西は、幕臣である平山敬忠に「議題草案」を提出し発案しています。司法、立法、行政が独立した三権分立を主軸とする立憲君主制度だったのです。

これは「王は君臨すれども統治せず」の原則に基づくイギリス議会を参考にしたと言われています。

もともと西周は欧米への留学経験もあり、慶喜に外国語を教えた事でも有名です。東京大学の前身である開成所の教授も務めたほどの人で、海外の政治体制に関する知見や知識が豊富だったのです。

西の構想はこうです。大坂に行政府を設置し、1万石以上の大名で構成された上院と、各藩主に選ばれた議員各1名で構成された下院を設置。そしてこれらを最高指導者の大君が統括するというスタイルでした。

もちろん、大君となるのは徳川家の当主です。天皇については、改元や爵位の授与などを扱う象徴的な存在に収めようとしていました。

西の案は「将軍家は天皇から政権を委任されている」という江戸幕府の建前と相性がよく、幕臣にとっても受け入れやすかったようです。この案に慶喜も理解を示し、他の幕臣にも議会制は伝えられています。

選挙制度も提案されていた

この他にも、慶応3年(1867)には「日本国総制度」という新体制案が、開成所の教授である津田真道によって立案されています。

津山洋学資料館の津田真道像(Wikipediaより)

この新体制案は、トップが徳川将軍であるという点は上述の西の案と同じですが、津田案の目玉は一般国民から議員を選出するという点でした。

どういうことかというと、上院は旧武士階級が占めるものの、下院は全国民のうち100万人につき1人を選抜して構成するというものだったのです。

これはまさに選挙制度の導入です。普通選挙法が施行されるのが大正14(1925)、制限選挙でも明治22年(1889)施行なので、それよりも前から徳川幕府は数十年も前から民主的な政権運営を計画していたことになります。

象徴天皇制や選挙制度が江戸時代に既に発案されていたことに驚く人も多いのではないでしょうか。もちろん、これらの案はその後の明治新政府にも大きな影響を与えています。

もし、その後も慶喜が主導権を握り続けていれば、西の案をもとに議会が設立されていた可能性が高いでしょう。幕府による「徳川新政府」が実現していたことは十分考えられます。

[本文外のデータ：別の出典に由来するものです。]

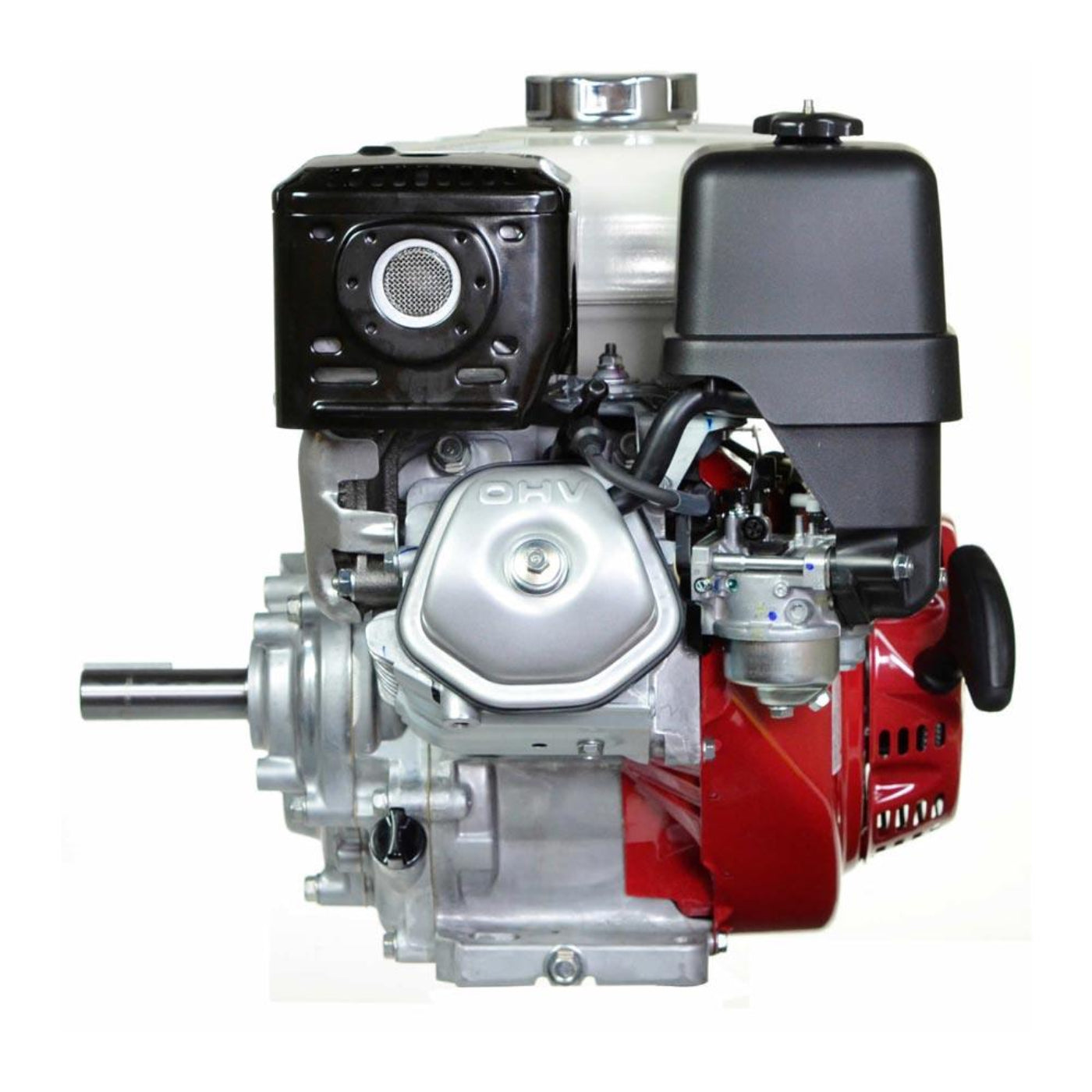 Honda Horizontal Engine with 6:1 Gear Reduction - HDA,GX270-HA2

江戸城桔梗濠と巽櫓。ここで「徳川新政府」が立ち上げられた可能性もあった?

ただ「徳川新政府」が仮に実現したとしても、うまく近代化が進んだかどうかは分かりません。幕藩体制の権力図が継承されれば、側近や旧幕府重鎮の権力は高いままだったと考えられるからです。

幕藩体制の改編だけでは、明治維新ほどの鮮やかで大胆な改革を実現するのは難しかったでしょう。